Senate Minority Leader Chuck Schumer suffered from hubris and short-term memory loss when he decided to forge ahead with a shutdown of the government, Karl Rove wrote in a column for The Wall Street Journal.
"Mr. Schumer should have remembered that, at least in the short run, whoever causes a shutdown loses," Rove wrote.
Schumer had a front-row seat for the last time this movie played in 2013 on the other side of the aisle: Sen. Ted Cruz came, he shut down, he had no strategy, he blinked, Republicans took a beating.
"Then as now, most voters don't think there's ever a good reason to shut down Washington, even if they agree with the policy it is supposed to achieve," Rove wrote.
So now, Schumer's Shutdown will live in infamy as he takes his beating — from both sides.
"Democrats were in fact neither united nor in possession of a strategy to back up the threat," Rove wrote in the WSJ. "Now the anger among progressives at Mr. Schumer for giving in may boost left-wingers in House primaries, making it more difficult for Democrats to win swing districts in November."
Democrats are on the right side of the issue, Rove wrote, citing sundry polls, but the wrong side of the tactic.

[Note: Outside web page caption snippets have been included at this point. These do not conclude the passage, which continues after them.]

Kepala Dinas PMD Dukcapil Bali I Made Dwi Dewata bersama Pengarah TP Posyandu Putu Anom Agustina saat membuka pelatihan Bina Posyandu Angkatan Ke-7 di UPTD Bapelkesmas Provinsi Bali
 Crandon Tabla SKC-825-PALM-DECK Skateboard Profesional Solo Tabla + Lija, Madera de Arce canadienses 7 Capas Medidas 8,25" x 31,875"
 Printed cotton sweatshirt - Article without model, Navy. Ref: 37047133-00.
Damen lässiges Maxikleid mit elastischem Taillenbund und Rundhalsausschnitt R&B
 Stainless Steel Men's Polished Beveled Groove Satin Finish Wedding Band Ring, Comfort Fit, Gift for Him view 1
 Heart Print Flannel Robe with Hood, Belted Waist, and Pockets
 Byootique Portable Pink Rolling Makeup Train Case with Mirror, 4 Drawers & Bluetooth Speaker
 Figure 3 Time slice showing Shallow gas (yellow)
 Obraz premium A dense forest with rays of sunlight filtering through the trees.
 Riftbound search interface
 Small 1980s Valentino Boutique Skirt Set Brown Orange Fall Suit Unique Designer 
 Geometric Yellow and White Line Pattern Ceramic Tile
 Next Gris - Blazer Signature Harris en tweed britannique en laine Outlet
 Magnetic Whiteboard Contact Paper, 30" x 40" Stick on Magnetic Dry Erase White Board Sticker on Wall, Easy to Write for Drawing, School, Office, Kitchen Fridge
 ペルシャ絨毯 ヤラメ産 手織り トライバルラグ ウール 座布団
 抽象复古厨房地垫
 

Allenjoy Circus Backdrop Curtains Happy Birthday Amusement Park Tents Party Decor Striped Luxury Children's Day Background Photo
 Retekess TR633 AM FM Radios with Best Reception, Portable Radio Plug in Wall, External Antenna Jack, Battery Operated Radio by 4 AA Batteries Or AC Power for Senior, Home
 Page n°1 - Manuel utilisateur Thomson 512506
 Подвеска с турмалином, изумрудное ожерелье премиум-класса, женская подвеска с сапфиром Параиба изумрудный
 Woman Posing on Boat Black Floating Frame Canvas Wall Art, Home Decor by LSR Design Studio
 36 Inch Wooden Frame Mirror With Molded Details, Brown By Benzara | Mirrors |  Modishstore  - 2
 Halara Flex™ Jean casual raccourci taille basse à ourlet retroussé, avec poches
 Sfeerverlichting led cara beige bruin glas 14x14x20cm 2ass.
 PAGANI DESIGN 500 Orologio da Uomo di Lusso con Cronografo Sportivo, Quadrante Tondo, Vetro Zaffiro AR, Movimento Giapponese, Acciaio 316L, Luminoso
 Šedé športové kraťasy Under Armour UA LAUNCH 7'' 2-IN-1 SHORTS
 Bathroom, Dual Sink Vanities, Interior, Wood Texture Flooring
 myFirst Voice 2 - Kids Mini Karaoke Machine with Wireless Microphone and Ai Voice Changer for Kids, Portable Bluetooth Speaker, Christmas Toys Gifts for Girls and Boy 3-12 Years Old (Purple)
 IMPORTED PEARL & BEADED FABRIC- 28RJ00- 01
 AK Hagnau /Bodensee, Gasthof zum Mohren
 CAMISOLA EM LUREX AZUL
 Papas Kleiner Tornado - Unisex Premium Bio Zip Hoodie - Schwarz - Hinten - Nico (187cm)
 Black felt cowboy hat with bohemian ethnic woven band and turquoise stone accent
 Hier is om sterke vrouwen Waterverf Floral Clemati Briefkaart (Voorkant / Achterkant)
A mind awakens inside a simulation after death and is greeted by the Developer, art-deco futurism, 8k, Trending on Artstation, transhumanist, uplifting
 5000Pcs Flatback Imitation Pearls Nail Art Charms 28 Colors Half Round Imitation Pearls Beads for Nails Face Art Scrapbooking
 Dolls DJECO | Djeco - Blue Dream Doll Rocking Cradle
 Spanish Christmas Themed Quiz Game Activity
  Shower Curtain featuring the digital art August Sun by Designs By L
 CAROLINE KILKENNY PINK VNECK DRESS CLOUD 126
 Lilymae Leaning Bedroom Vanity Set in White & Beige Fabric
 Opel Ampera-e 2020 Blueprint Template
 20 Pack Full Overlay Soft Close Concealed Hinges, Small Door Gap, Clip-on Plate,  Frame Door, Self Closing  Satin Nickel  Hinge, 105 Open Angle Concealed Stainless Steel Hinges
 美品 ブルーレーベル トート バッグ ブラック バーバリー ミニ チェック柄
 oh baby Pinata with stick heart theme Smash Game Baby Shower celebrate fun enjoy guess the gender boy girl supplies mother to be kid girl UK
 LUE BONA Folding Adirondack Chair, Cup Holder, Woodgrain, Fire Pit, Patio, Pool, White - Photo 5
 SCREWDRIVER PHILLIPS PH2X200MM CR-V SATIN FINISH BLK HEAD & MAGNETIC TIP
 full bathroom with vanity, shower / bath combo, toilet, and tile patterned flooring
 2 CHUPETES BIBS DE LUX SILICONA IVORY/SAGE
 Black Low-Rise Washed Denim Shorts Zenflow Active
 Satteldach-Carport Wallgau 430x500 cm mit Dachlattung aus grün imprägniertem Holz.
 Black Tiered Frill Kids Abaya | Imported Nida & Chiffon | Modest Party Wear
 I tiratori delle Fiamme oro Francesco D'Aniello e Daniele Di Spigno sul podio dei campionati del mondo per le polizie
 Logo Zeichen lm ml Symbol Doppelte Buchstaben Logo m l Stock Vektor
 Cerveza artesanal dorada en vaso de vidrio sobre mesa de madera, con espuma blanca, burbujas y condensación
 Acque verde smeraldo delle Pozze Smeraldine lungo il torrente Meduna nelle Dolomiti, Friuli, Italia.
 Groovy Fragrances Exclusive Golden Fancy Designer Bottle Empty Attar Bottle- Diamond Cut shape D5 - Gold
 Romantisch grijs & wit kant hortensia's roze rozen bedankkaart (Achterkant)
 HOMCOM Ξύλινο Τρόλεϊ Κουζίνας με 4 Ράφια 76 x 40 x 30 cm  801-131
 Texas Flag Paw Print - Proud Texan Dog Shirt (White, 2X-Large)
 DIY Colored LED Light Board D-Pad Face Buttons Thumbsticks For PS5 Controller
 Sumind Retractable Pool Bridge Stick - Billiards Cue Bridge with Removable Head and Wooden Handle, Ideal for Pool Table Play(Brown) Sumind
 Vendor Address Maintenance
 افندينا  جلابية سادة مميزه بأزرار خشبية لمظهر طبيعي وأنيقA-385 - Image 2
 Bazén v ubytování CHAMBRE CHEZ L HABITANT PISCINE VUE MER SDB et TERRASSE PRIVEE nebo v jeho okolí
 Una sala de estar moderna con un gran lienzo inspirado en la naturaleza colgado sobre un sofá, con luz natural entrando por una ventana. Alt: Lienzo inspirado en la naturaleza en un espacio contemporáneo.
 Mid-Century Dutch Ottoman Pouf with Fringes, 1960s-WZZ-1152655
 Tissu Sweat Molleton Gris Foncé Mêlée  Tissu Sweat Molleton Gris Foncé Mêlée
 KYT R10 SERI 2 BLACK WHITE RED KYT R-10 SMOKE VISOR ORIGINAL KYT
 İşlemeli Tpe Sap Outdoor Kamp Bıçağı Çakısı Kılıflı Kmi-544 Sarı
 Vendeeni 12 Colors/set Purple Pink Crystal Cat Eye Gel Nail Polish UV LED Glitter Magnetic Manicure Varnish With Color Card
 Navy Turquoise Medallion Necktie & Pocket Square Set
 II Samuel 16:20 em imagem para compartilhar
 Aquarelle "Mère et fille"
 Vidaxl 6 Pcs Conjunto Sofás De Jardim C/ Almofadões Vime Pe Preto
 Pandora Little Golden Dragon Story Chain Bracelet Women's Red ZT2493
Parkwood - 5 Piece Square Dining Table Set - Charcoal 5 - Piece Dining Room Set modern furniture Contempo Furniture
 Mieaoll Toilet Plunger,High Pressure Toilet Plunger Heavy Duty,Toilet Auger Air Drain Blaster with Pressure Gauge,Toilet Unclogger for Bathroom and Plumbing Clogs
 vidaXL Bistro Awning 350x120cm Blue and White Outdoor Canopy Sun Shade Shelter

Now Democrats and Republicans have until Feb. 8 to get it figured out — again.
"Most Americans seek compromise and resolution, but a substantial minority of each party's base wants purism. Both sides can get some of what they want on immigration — a Dreamer fix for Democrats, more border security for Republicans — only if they don't insist on getting everything," Rove writes.